Je lis le "journal de marche" de mon grand-père, sur la route d'Indochine, de 1946 à 1948 :
"Après avoir longé et admiré depuis l'aube le panorama exotique et merveilleux des îlots qui jalonnent l'étroit chenal naturel au centre de l'archipel
des îles de la Sonde, nous entrons en rade à Singapour, et nous restons au large à attendre le ravitaillement du ferry-boat et du mazoutier.

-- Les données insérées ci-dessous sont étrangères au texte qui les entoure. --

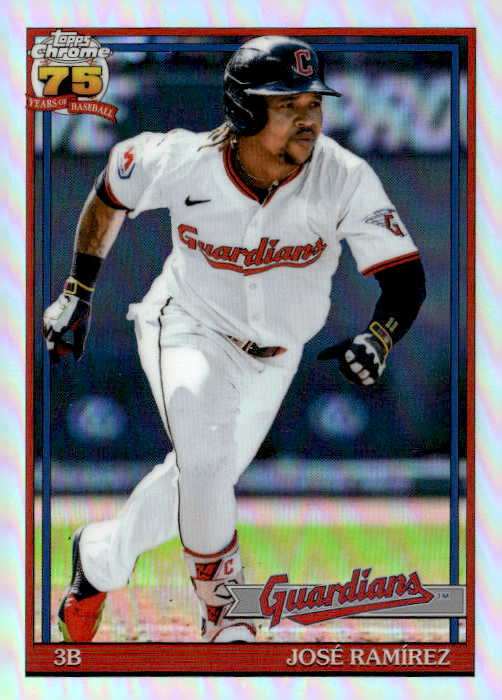 2026 Topps Chrome José Ramírez graded slab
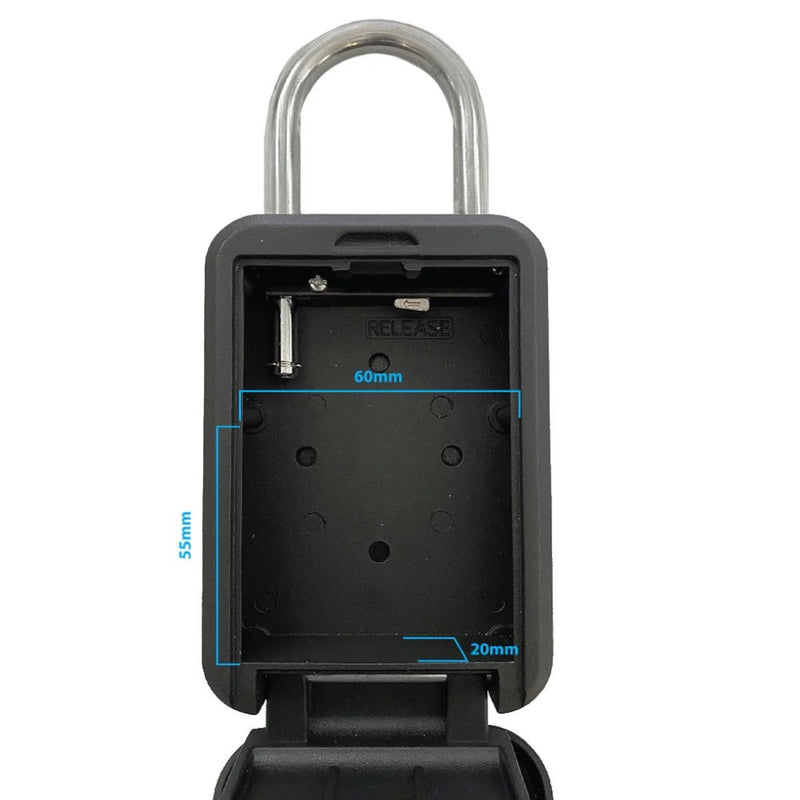 Load image into Gallery viewer, Green Hat Kiteboarding-Vaikobi Keylock Box-Location options-Inner dimensions of Lock Box on a White Background 
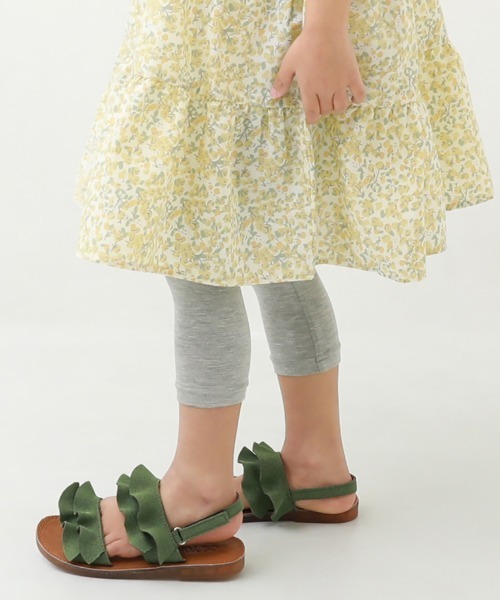 devirock(デビロック)の「7分丈天使のレギンス(レギンス/スパッツ・キッズ・ブラック系その他3/ブラック系その他2/杢グレー/ブラック系その他/ブラック/ヘザーチャコール・80cm/90cm/100cm/120cm/130cm/140cm/110cm/150cm/160cm)」の5枚目の写真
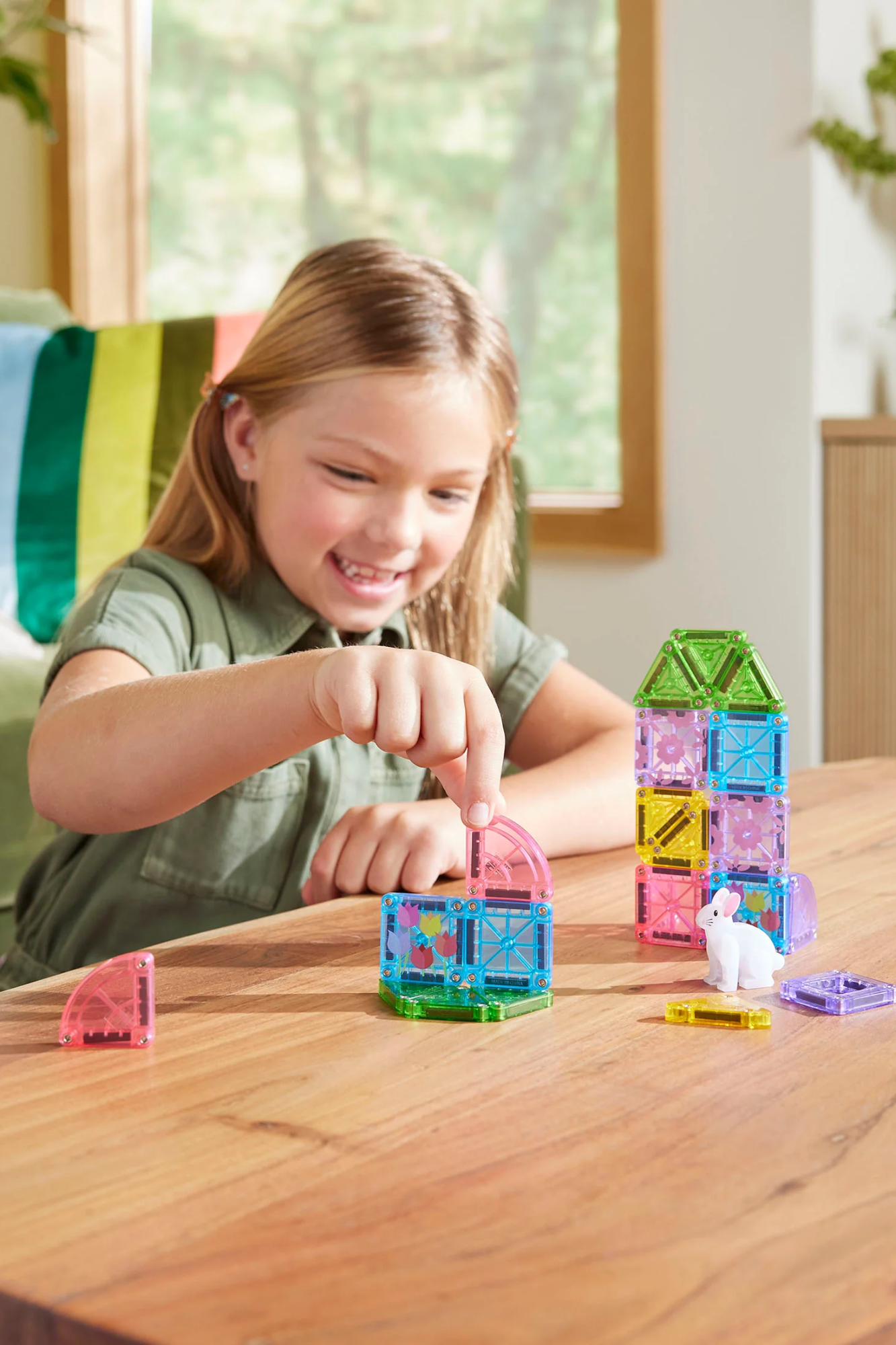 MAGNA-TILES Spring Garden 24 pieces Travel Set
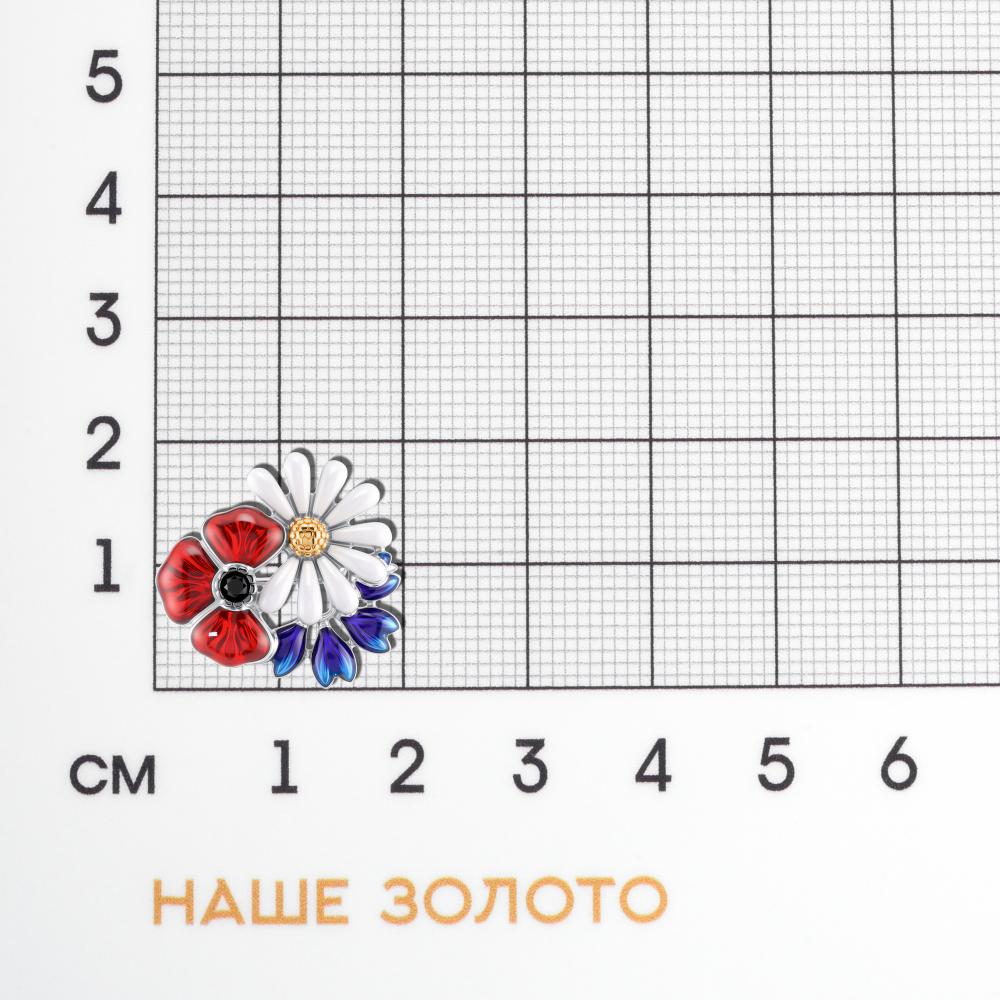 Серебряная подвеска Sokolov ДИ94049026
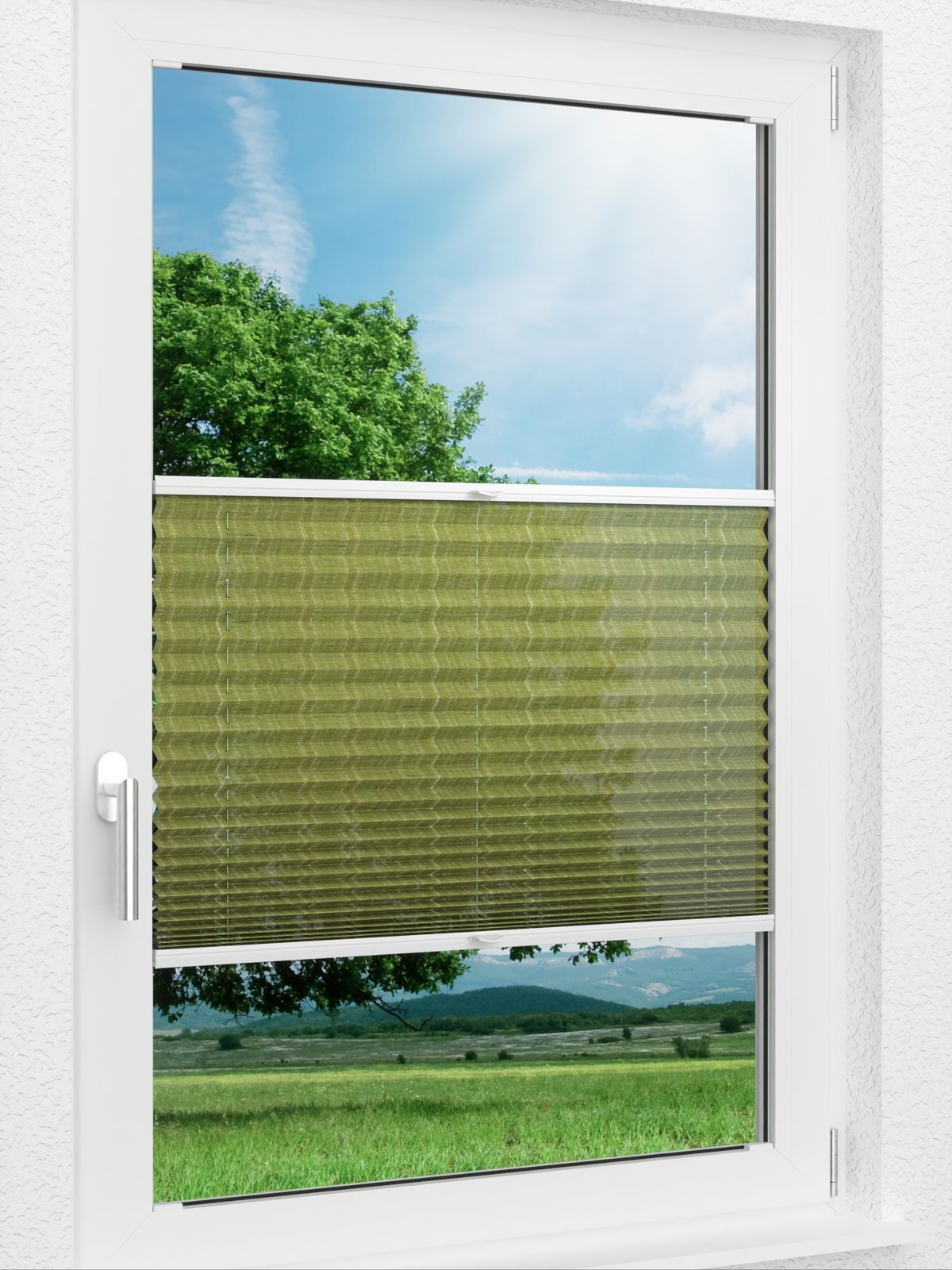 Detailansicht LYSEL HOME Plissee 436A Fine Tissue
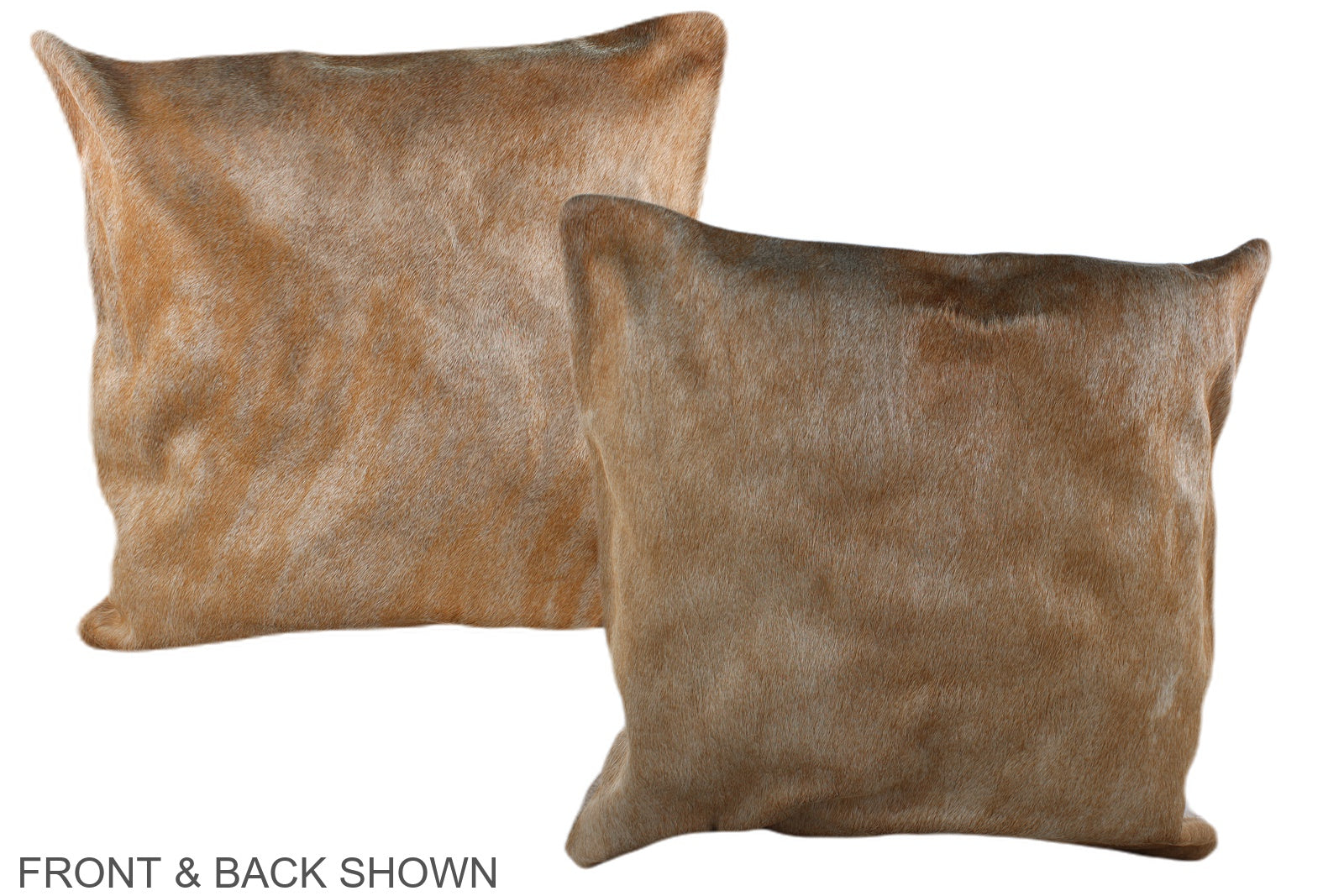 Caramel Cowhide Pillow #A37326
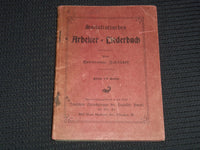 1920'S SOZIALISTISCHES ARBEITER LIEDERBUCH BOOK BY HERMANN SCHLUTER - KD 6494H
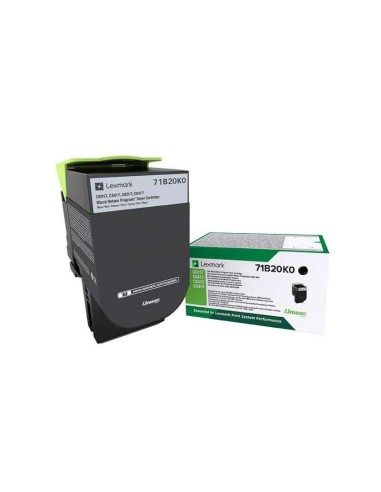 Cartucho de Toner Original Lexmark CS317/CS417/CS517/CX317/CX417/CX517 Preto - 71B20K0/71B0010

Pendant que le steamer se frayait un passage entre les
îles, je me croyais parfois transporté dans ma tendre jeunesse, et avais le sentiment de revivre le fabuleux périple de Robinson Crusoë. Il m'a alors semblé retrouver en ces îles l'enchantement
de merveilles déjà connues, ou plutôt ardemment désirées. Etrange impression, penseront certains, mais que n'éprouve-t-on pas d'irréel et d'insaisissable en soi-même sous ces latitudes ?"
Lorsqu'il m'a remis ce carnet, j'ignorais qu'il avait écrit. Je savais son goût des mots, et la finesse de sa calligraphie. Fût-ce sur une carte d'anniversaire, il a toujours eu le souci du mot
juste. J'ai pourtant découvert avec fascination ses écrits de jeunesse. Il avait 18 ans. Je découvrais le jeune mousse qu'il fut derrière le vieil homme qui m'est familier. Et, surtout, nous qui
n'avons jamais parlé littérature, cette sensibilité qui nous réunit. Je sais l'ascendance de mes grands-parents, et plus particulièrement des figures paternelles sur ma vie et sur mon écriture.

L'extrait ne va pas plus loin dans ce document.